Take the line that contains "Read Volcanic Age" and every line after it in the material below, and quote them exactly.

:: AVAILABLE DATA ::
-- -- --

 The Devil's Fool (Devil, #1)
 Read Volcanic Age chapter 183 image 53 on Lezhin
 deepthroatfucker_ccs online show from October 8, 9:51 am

-- -- --

:: ANSWER SPACE ::
 Read Volcanic Age chapter 183 image 53 on Lezhin
 deepthroatfucker_ccs online show from October 8, 9:51 am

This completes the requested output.